MONTESSORİ ETKİNLİKLERİ
Bu sistemin temel amacı; çocukları ezber ve şekilcilikten uzak tutarak, dokunarak ve yaşayarak öğrenmeyi gerçekleştirmektir. Öğrenme somuttan soyuta doğru olmalı, başka bir deyişle somut deneyim olmadan sağlıklı şekilde soyut kavramların öğrenilmesi uygun görülmez. Öğretmen çocukların ihtiyaçlarına öncelik vererek onlara uygun eğitim ortamını yaratma ve yönlendirme konusunda rehberlik eder.
Bu eğitim yaklaşımı, geleneksel şekilci eğitim yöntemine ters olarak öğretmen pasif çocuk ise aktif konumdadır. Okulumuzda tüm matematik, fen, günlük yaşam becerileri dersleri bu metodun gerektirdiği doğrultuda hazırlanmaktadır. Montessori metoduyla eğitim, teoriden uzak, yaşayarak ve tecrübe ederek öğrenme prensibine dayanır. “Let me do it myself!” (“Bırak kendim yapayım!”) şeklinde özetlenebilecek olan bu yöntemle uygun yaşlarda öğrenilenler kalıcı olur ve çocuğun ilerdeki eğitimine sağlam bir kaynak teşkil eder.
SCAMPER
Çocukların yaratıcılığını geliştirmeyi amaçlayan alternatif bir eğitim metodu olan bu sistem, tek bir nesneye yöneltilen düşünme yöntemi serisidir. Tek bir nesne seçilir, beyin fırtınası yoluyla bu nesne değiştirilip geliştirilir. Aktivite sırasında çocuğa sorular sorulur, hayal gücünü kullanmasını ve sorulara çözümler getirmesi istenilir. Bu sorular çocuğun daha önce alışık olmadığı şekilde düşünmesini sağlar. Bir anlamda farklı düşünme becerilerini kazandırmaya yönelik bir girişimdir. Soruların hangilerinde zorlandıkları belirlenir diğer çalışmalarda basitleştirilip değiştirilir.

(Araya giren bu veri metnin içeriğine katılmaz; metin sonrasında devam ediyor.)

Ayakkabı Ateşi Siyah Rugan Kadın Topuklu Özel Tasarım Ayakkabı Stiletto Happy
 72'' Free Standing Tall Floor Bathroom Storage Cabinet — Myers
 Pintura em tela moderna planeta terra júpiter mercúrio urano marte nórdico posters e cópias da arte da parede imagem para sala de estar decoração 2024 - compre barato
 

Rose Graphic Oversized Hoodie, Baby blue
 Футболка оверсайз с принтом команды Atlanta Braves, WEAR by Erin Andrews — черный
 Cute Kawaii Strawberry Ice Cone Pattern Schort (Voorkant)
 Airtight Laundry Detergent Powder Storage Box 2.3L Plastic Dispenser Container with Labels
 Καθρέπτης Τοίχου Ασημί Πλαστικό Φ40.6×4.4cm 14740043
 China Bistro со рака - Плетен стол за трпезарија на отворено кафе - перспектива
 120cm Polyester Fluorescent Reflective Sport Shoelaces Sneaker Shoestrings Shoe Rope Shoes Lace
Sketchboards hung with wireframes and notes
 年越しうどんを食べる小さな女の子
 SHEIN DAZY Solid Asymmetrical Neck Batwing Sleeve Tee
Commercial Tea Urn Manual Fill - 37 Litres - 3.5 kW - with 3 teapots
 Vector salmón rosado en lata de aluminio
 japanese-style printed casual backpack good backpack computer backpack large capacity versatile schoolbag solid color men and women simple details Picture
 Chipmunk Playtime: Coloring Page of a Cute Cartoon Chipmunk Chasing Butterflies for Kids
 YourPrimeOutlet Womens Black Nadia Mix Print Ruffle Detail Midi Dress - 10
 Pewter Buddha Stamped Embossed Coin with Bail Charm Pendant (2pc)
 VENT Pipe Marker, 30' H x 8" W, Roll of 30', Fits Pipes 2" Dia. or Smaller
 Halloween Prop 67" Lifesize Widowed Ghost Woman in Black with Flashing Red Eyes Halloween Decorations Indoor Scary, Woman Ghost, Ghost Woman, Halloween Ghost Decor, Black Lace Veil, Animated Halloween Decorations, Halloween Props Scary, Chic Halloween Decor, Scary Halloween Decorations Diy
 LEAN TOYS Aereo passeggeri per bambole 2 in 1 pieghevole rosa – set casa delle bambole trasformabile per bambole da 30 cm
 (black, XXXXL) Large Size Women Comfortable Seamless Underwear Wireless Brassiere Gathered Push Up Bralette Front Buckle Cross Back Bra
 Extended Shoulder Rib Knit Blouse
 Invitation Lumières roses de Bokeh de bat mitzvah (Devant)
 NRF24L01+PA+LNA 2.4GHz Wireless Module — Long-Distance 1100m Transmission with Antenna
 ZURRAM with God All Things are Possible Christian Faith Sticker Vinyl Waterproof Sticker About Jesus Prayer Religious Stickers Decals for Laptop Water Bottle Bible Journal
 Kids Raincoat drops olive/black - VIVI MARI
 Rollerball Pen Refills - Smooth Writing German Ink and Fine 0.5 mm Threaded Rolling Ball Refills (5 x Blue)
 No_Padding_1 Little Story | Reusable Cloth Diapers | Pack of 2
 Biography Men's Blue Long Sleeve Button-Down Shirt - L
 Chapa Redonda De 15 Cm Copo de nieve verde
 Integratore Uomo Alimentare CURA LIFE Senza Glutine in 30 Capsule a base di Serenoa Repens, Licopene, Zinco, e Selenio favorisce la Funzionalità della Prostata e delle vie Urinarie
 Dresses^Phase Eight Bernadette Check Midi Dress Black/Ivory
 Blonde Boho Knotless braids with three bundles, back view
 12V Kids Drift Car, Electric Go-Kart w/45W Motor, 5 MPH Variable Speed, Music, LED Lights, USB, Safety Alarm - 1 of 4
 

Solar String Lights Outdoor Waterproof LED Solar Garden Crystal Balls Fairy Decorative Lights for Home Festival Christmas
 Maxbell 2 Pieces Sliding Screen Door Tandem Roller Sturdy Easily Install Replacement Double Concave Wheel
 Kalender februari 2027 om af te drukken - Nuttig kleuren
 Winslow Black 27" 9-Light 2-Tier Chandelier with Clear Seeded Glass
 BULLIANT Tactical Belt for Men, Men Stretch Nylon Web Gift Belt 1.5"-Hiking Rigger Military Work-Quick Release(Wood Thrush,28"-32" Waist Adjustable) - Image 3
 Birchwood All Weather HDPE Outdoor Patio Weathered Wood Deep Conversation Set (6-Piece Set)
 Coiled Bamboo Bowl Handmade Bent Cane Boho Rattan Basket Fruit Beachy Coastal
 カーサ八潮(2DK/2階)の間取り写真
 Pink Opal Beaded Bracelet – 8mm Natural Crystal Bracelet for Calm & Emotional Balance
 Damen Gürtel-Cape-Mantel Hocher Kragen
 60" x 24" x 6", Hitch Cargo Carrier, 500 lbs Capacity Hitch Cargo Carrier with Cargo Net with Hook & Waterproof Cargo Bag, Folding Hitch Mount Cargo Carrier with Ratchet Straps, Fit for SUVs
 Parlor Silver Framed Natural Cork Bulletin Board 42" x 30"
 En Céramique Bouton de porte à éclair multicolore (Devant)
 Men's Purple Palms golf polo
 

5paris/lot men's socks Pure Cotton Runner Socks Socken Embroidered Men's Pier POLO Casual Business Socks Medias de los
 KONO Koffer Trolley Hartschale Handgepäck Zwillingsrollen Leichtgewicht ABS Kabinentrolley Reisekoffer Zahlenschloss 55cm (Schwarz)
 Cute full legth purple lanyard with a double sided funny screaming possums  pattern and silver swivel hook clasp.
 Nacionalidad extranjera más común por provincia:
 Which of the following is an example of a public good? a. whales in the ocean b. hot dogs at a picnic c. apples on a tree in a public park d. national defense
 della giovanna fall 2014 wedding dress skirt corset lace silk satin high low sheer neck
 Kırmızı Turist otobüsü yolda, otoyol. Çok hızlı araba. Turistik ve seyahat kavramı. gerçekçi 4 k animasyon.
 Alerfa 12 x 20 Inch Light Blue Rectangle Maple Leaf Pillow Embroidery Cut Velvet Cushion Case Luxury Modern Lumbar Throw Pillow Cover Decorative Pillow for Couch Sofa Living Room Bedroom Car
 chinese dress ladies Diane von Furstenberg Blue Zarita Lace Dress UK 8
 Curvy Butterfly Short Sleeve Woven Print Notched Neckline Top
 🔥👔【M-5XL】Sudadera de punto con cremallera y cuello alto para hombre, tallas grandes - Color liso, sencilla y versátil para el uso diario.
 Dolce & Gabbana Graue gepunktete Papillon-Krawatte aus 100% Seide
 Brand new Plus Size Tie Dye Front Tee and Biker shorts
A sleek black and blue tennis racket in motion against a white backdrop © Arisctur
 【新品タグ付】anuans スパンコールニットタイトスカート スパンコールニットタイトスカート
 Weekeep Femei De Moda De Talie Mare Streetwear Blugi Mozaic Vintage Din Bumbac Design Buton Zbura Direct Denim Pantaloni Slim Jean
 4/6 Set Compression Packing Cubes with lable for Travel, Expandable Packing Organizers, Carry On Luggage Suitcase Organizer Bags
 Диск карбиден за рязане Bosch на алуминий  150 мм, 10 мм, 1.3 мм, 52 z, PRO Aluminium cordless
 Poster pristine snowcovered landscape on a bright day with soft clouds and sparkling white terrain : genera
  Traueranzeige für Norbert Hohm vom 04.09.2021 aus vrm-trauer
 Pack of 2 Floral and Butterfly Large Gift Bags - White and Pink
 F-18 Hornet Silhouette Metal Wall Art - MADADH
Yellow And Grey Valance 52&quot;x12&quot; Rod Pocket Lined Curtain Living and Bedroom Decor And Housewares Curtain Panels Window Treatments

Scamper’ ın felsefesi; her fikir, var olan başka bir fikirden doğar. Çocuklarımızın yaratıcılığını geliştirmek, hayal gücü düşünme ve orjinallik hazinelerini korumak amacı ile Scamper yöntemini okulumuzda kullanmaktayız. Çocuklarımıza hazır çözümler vermektense birden fazla çözüm üretme konusunda destekleriz. Bu yöntem, çocuklara düşüncelerini değiştirmeleri ya da birleştirmeleri konusunda adım attırarak yaratıcı düşünmelerini sağlar. Yine bu yöntemle çocuklar bir yandan yaratıcılıklarını geliştirirken diğer yandan da pratik yapma olanağı bulurlar. Esnek düşünebilmeyi ve kalıpları yıkmayı öğrenirler.